Workers vs child processes vs clustering

FeatureWorker ThreadsChild ProcessCluster
Memory sharingYes (SharedArrayBuffer)NoNo
CommunicationFast (postMessage)IPC (serialization)IPC
OverheadLowHigh (new V8 instance)High
Use caseCPU-bound tasksIsolation, different languagesScaling HTTP servers
Module sharingSame context possibleSeparate processSeparate process

Use worker threads for CPU-bound JavaScript tasks that benefit from shared memory. Use child processes when you need full process isolation or need to run non-JavaScript programs. Use clustering when you want to scale an HTTP server across CPU cores.

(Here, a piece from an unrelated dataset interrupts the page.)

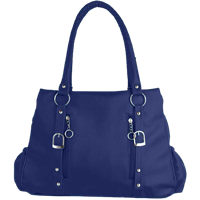 Women Blue Shoulder Bag  (Pack of: 2)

Real-world example: image processing server

// server.js
const http = require('http');
const ThreadPool = require('./thread-pool');

const pool = new ThreadPool('./image-worker.js', 4);

http.createServer(async (req, res) => {
  if (req.url === '/resize') {
    try {
      const result = await pool.run({
        inputPath: './large-image.jpg',
        width: 200,
        height: 200
      });
      res.writeHead(200, { 'Content-Type': 'image/jpeg' });
      res.end(Buffer.from(result.data));
    } catch (err) {
      res.writeHead(500);
      res.end('Processing failed');
    }
  }
}).listen(3000);

The server remains responsive to all requests because image processing happens on worker threads, not the main thread.

Summary

Worker threads let you run CPU-intensive JavaScript in parallel without blocking the event loop. Use postMessage for simple communication and SharedArrayBuffer with Atomics when you need high-performance shared memory. Build a thread pool to amortize the cost of creating workers. Workers complement Node.js’s async IO model: use async IO for network and file operations, and workers for computation.